The problem ::
Below are records; extract exactly the lines from the one containing "Holiday Class Party Food Ideas" through the last, both included, and keep the pictures out.

Source material ::
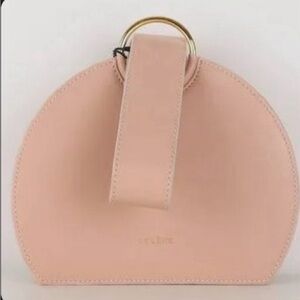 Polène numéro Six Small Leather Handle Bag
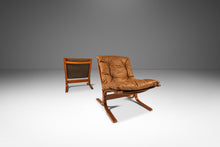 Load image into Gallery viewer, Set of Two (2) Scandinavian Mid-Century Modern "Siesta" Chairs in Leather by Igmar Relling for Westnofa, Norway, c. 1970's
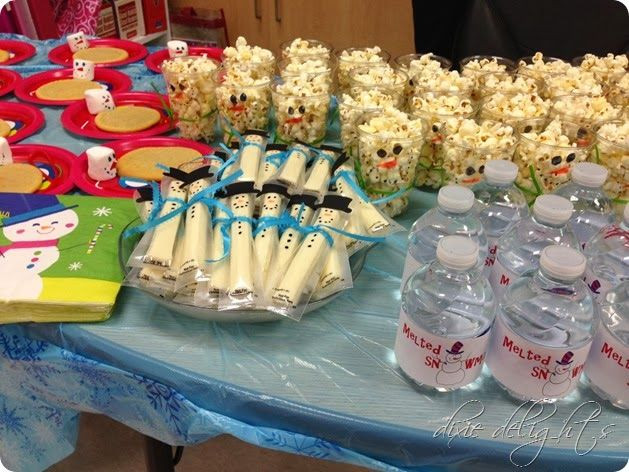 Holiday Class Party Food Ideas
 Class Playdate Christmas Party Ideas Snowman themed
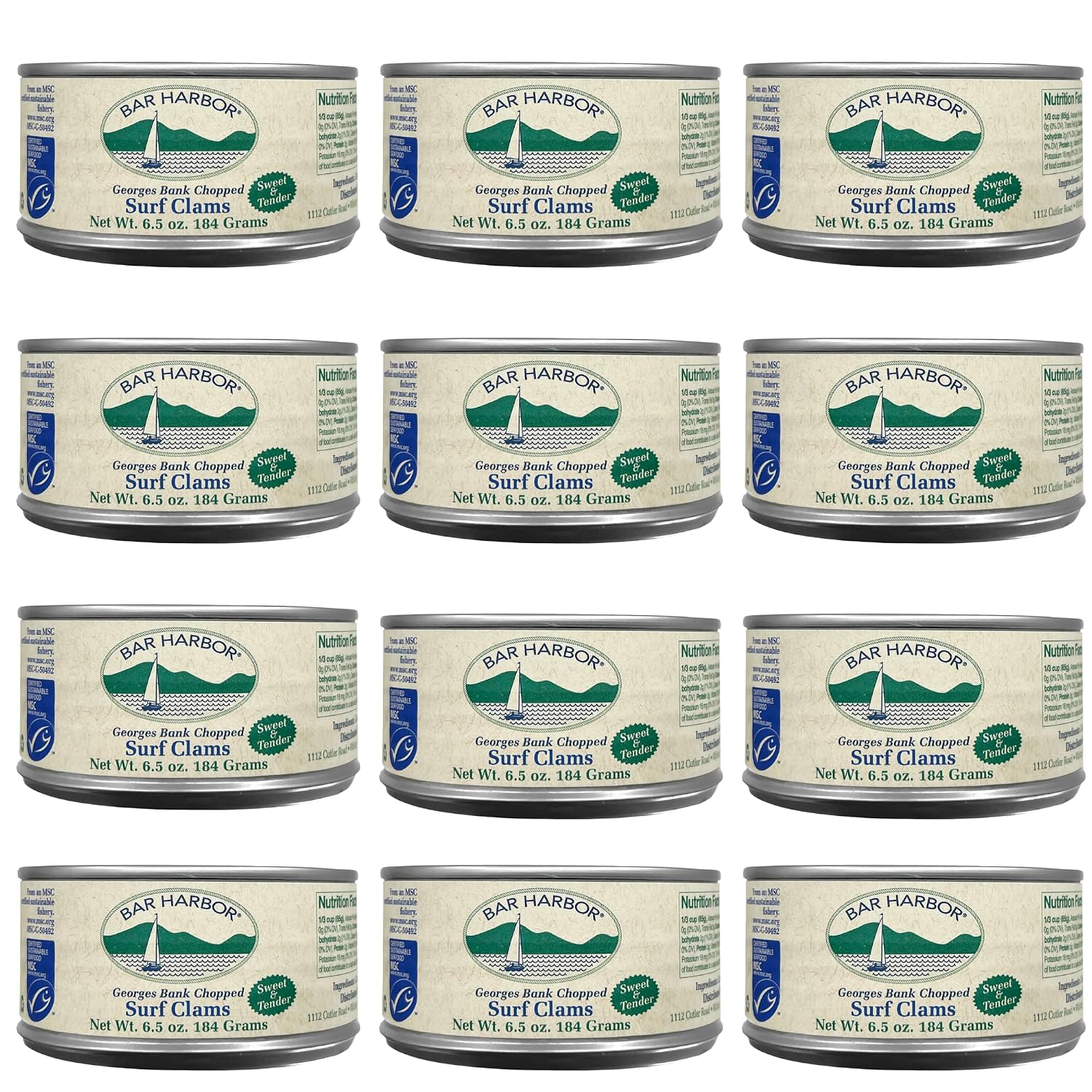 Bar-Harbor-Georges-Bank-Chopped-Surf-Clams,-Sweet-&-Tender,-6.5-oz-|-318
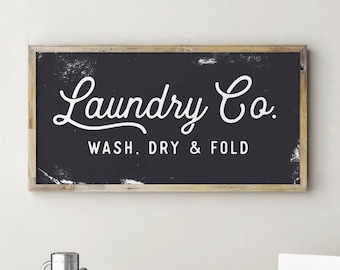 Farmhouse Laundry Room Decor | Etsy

Solution for this exercise ::
 Holiday Class Party Food Ideas
 Class Playdate Christmas Party Ideas Snowman themed
 Bar-Harbor-Georges-Bank-Chopped-Surf-Clams,-Sweet-&-Tender,-6.5-oz-|-318
 Farmhouse Laundry Room Decor | Etsy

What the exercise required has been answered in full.